Kaplan could hold Trump in contempt and fine him or even theoretically put him in jail. But the experts that BI interviewed agreed that was an unlikely scenario.
More likely, they said, the jury watching Trump embarrass himself would be punishment enough. Jones said that if the jury saw Trump as trying to browbeat the judge, they'd probably side with the judge.
"The judge sees that they're seated in the box, gives them breaks during the day, dismisses them at the end of the day, talks to them, thanks them for their work," Jones said. "So when they see a lawyer trampling the judge or a litigant trampling the judge, they don't like it."
Jones pointed to Rudy Giuliani's trial last month over defaming two Georgia election workers who he falsely said rigged the 2020 election results. The workers' attorneys asked for a little more than $40 million in compensatory damages. But Giuliani continued to falsely accuse them of election rigging even while he was on trial.
The jury returned a $148 million verdict — much of it in punitive damages — forcing Giuliani into bankruptcy.
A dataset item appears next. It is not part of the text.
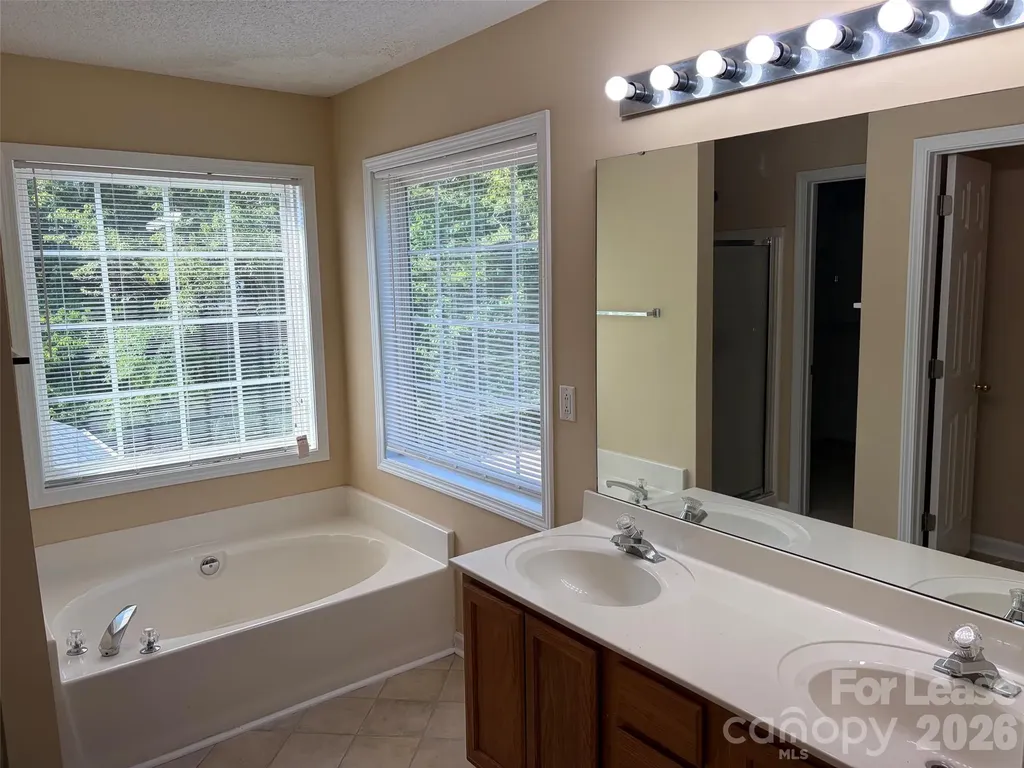 3730 Navajo Drive Maiden NC 28650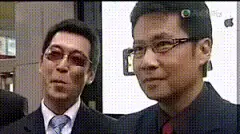 采集图片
While Trump is a billionaire, it's not clear whether he's liquid enough to handle a massive jury verdict.
And while judges have the authority to deem verdicts disproportionate and lower them, there's no reason to think he'll do so in Trump's case.
"It'd have to be awfully high for him to disturb it," Jones said.
A massive verdict doesn't, however, mean Trump will be deterred from continuing to call Carroll a liar.
Forbes has estimated Trump's wealth at $2.6 billion.
"I don't think he'll be deterred one iota by a large verdict," Jones said.